O departamento de futebol do Flamengo recalibrou o seu radar estratégico para a próxima janela de transferências internacional. O atacante Luiz Henrique, atualmente no Zenit, consolidou-se como o alvo prioritário da gestão após uma atuação de destaque no amistoso da Seleção Brasileira contra a França, nos Estados Unidos.
A movimentação ocorre em um momento de bonança contábil, permitindo que o clube carioca estude operações que fogem ao padrão financeiro da América do Sul para remodelar o seu setor ofensivo.
O brilho de Luiz Henrique com a Amarelinha pressiona o mercado rubro-negro
A performance individual de Luiz Henrique no ciclo de Carlo Ancelotti tornou-se o principal combustível para a investida do Flamengo. Apesar da derrota brasileira em solo norte-americano, o atacante foi apontado como o ponto de desequilíbrio técnico, criando chances claras e oferecendo a agressividade que o setor ofensivo da Seleção demandava.
Sob a ótica da gestão esportiva, contratar um jogador que já performa em alto nível com a Amarelinha transcende o ganho técnico. Trata-se de um investimento em imagem e projeção internacional.
Contudo, a valorização instantânea no ambiente da Seleção é uma faca de dois gumes: enquanto valida o interesse do Flamengo, também eleva o preço do ativo e atrai o olhar de concorrentes europeus. A diretoria rubro-negra entende que o timing para o “ataque” ao Zenit precisa ser cirúrgico para evitar que o leilão atinja cifras proibitivas.
Por que a crise de Gonzalo Plata acelera a busca por um novo protagonista
A necessidade de um novo nome de peso no Ninho do Urubu é intensificada pelo desgaste interno de Gonzalo Plata. O equatoriano, que vive uma crise de integração com o técnico Leonardo Jardim, passou a figurar na lista de atletas negociáveis, sinalizando o fim precoce de um ciclo que não entregou o retorno esperado.
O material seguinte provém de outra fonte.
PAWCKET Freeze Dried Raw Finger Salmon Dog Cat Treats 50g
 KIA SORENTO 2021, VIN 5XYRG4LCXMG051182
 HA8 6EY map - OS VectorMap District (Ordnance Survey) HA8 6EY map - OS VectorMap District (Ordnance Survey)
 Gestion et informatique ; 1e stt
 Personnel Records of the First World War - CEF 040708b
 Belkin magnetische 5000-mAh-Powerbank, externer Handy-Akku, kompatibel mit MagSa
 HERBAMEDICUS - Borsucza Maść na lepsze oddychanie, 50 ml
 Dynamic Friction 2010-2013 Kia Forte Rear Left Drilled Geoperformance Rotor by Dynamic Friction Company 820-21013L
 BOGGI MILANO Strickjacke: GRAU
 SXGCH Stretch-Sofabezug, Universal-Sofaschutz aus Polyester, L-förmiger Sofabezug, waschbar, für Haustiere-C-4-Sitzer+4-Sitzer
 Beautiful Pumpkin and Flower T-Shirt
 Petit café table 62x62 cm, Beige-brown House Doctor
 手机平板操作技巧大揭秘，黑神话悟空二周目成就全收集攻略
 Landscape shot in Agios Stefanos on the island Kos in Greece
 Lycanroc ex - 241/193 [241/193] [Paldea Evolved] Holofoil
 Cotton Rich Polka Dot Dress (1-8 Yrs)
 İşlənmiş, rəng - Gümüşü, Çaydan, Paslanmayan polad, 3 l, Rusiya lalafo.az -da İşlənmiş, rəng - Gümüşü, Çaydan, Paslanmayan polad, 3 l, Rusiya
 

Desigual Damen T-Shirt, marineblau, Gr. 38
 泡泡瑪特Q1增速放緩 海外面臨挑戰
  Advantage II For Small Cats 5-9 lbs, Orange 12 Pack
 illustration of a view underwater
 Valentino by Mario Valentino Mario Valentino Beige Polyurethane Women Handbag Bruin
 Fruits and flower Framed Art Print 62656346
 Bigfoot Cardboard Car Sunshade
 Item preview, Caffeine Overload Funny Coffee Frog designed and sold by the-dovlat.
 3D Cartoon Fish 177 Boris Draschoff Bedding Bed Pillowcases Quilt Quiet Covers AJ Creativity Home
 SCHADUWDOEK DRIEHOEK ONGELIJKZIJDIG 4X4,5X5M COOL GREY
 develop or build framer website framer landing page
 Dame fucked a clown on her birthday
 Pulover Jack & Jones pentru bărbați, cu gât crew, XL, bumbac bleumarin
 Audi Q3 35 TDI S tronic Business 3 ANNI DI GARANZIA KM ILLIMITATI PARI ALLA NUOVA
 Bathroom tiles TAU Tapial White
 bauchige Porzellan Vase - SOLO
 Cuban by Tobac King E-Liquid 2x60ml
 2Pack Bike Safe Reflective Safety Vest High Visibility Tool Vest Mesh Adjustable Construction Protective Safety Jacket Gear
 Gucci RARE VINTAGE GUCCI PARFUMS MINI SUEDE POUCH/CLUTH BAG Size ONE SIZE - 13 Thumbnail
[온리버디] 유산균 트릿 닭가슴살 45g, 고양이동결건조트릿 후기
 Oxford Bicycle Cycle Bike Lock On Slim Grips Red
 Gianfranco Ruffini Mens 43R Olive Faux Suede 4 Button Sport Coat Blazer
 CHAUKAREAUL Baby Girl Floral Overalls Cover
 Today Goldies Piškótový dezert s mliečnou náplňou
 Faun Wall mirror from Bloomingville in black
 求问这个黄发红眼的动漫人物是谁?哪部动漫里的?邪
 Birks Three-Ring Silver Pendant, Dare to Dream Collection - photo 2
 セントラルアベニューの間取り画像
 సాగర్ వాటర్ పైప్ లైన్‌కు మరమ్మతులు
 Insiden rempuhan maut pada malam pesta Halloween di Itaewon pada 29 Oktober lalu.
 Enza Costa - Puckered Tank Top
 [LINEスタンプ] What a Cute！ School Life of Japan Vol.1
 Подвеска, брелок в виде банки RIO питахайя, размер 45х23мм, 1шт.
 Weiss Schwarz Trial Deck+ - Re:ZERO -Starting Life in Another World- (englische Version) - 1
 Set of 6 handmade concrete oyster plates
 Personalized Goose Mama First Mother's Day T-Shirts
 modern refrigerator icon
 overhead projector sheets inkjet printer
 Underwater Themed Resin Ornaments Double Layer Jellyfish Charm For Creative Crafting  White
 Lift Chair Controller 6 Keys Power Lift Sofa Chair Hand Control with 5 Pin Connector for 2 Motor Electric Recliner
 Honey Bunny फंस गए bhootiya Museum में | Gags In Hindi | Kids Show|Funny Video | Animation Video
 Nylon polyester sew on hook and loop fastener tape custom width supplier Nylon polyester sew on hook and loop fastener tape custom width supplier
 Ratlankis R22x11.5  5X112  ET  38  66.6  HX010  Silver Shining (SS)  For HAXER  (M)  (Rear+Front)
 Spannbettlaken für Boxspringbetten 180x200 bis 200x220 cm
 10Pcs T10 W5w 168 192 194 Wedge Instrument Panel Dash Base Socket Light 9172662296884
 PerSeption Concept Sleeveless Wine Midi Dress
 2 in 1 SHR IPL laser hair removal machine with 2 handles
A substituição de Plata por Luiz Henrique é vista internamente como uma “correção de rota” de elite. Enquanto o atual camisa 22 simboliza um ativo em desvalorização comportamental e técnica, o atacante do Zenit representa a ascensão e a validação tática necessária para o esquema de Jardim.
O treinador português já manifestou o desejo de participar ativamente da montagem do elenco para o segundo semestre, priorizando a chegada de jogadores com capacidade de decisão imediata e perfil de hierarquia para assumir a titularidade do ataque.
O faturamento recorde de R$ 2 bilhões
O balanço financeiro do Flamengo em 2025, que registrou uma receita bruta recorde de R$ 2,071 bilhões, é o que permite ao clube sentar à mesa com o Zenit. Os russos sinalizaram que aceitam abrir conversas por Luiz Henrique a partir de € 40 milhões (aproximadamente R$ 240 milhões), valor que exige uma engenharia financeira robusta, mas factível para a realidade da Gávea.
A operação demandaria uma combinação de parcelamento agressivo e a utilização de recursos provenientes de eventuais vendas de jogadores do atual elenco.
Para a SAF do Flamengo, realizar um investimento deste porte é um recado político ao mercado sul-americano de que a hegemonia econômica continua sendo traduzida em poder de fogo nas janelas de transferências. Se o negócio for concretizado em julho, Luiz Henrique não será apenas um reforço; será o rosto de um novo patamar de investimento no futebol brasileiro, consolidando o abismo financeiro para os demais competidores.